HWH Jack Retraction Problem
 
2 Attachment(s)
Hello,

I bought my first DP about 2 months ago and am heading out on my first trip on Sunday (Michigan to Florida). The front PS jack doesn't want to retract all the way. I was able to eventually retract it using a 2x6. I cleaned and dried all the jack rods while they were extended and then sprayed WD-40 on them. On my trip down there, if I have a problem retracting them at a campground, I want to be as prepared as possible to handle the situation. I read the emergency retraction paper that HWH wrote. My problem is trying to figure out what valves I need to open up to do the emergency retraction. The first picture is the front of the unit and the second picture is the back of the unit. I see the 4 larger valves on the back but there also seems to be 2 smaller valves below the large ones and 2 more smaller valves on the front of the unit. It's hard to reach back there and get a good look at anything. I t looks like the model number on the tank might be AP29578. Not sure about the last digit. My control panel appears to be a 625S series.

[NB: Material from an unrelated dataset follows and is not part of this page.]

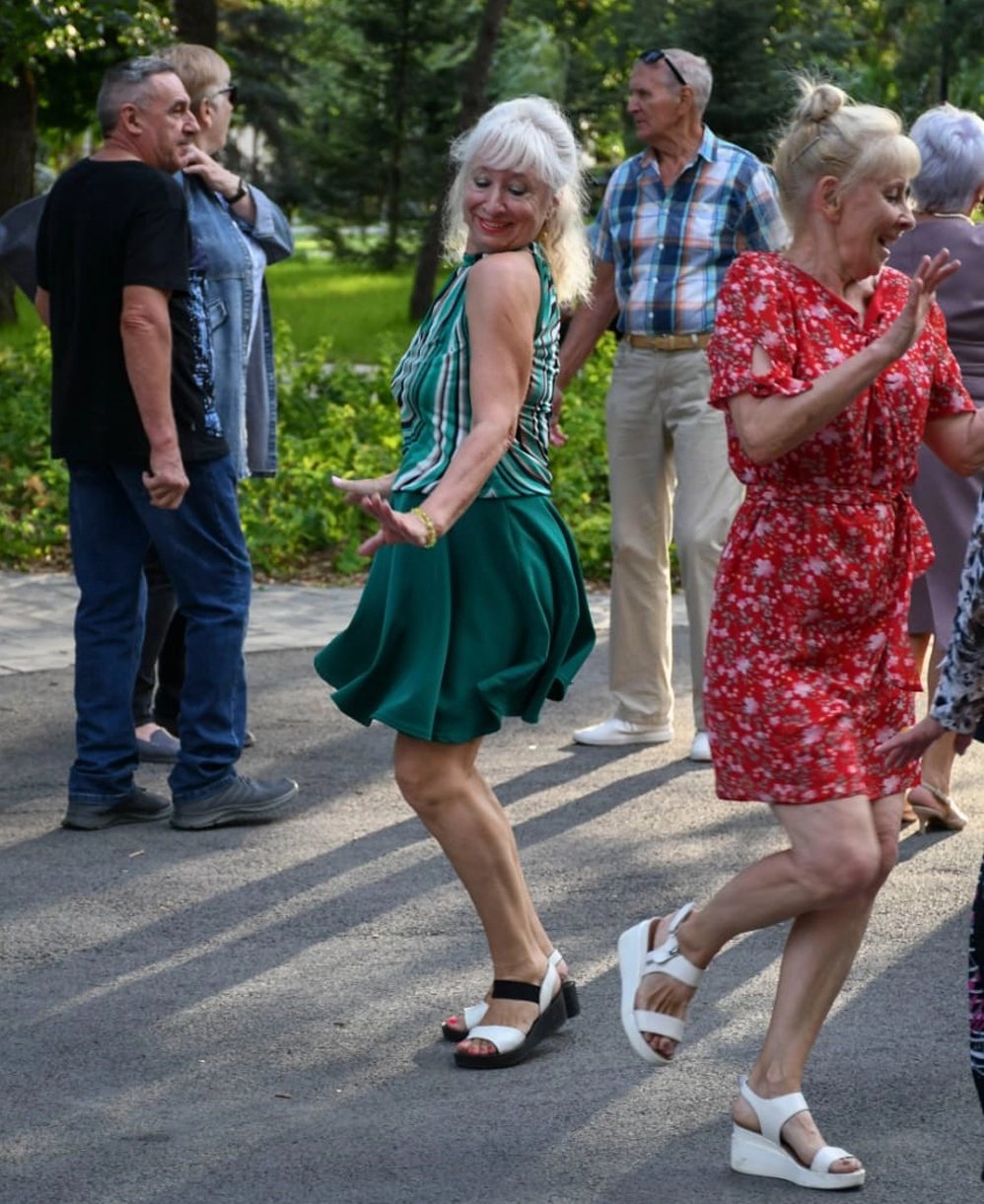 Валентина Елисеева: «Меня уже узнают на всех городских танцплощадках под открытым небом».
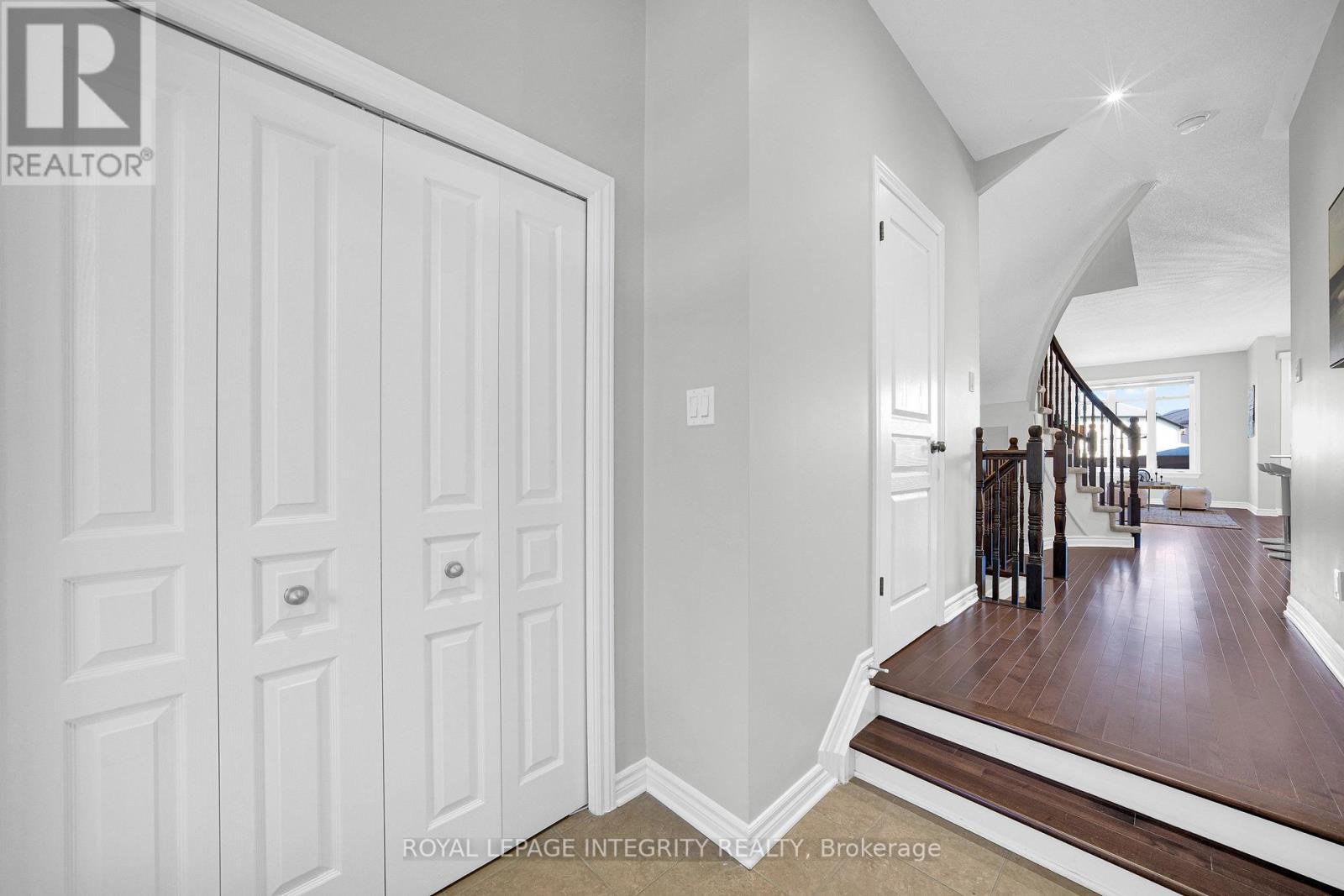 104 Watchhorn Grove, Ottawa, Ontario  K1V 2N2 - Photo 3 - X14122432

Can anyone give me a hand in determining the right valve to open? I can't really delay the trip because my daughter is in the Navy stationed in Jacksonville and will be deploying next month and I need to help her get moved out of her apartment. Any help would be greatly appreciated. Thanks in advance.

AKIQPilot 08-17-2017 10:33 PM

Quote:

Originally Posted by aldera (Post 3758029)
Hello,

I bought my first DP about 2 months ago and am heading out on my first trip on Sunday (Michigan to Florida). The front PS jack doesn't want to retract all the way. I was able to eventually retract it using a 2x6. I cleaned and dried all the jack rods while they were extended and then sprayed WD-40 on them. On my trip down there, if I have a problem retracting them at a campground, I want to be as prepared as possible to handle the situation. I read the emergency retraction paper that HWH wrote. My problem is trying to figure out what valves I need to open up to do the emergency retraction. The first picture is the front of the unit and the second picture is the back of the unit. I see the 4 larger valves on the back but there also seems to be 2 smaller valves below the large ones and 2 more smaller valves on the front of the unit. It's hard to reach back there and get a good look at anything. I t looks like the model number on the tank might be AP29578. Not sure about the last digit. My control panel appears to be a 625S series.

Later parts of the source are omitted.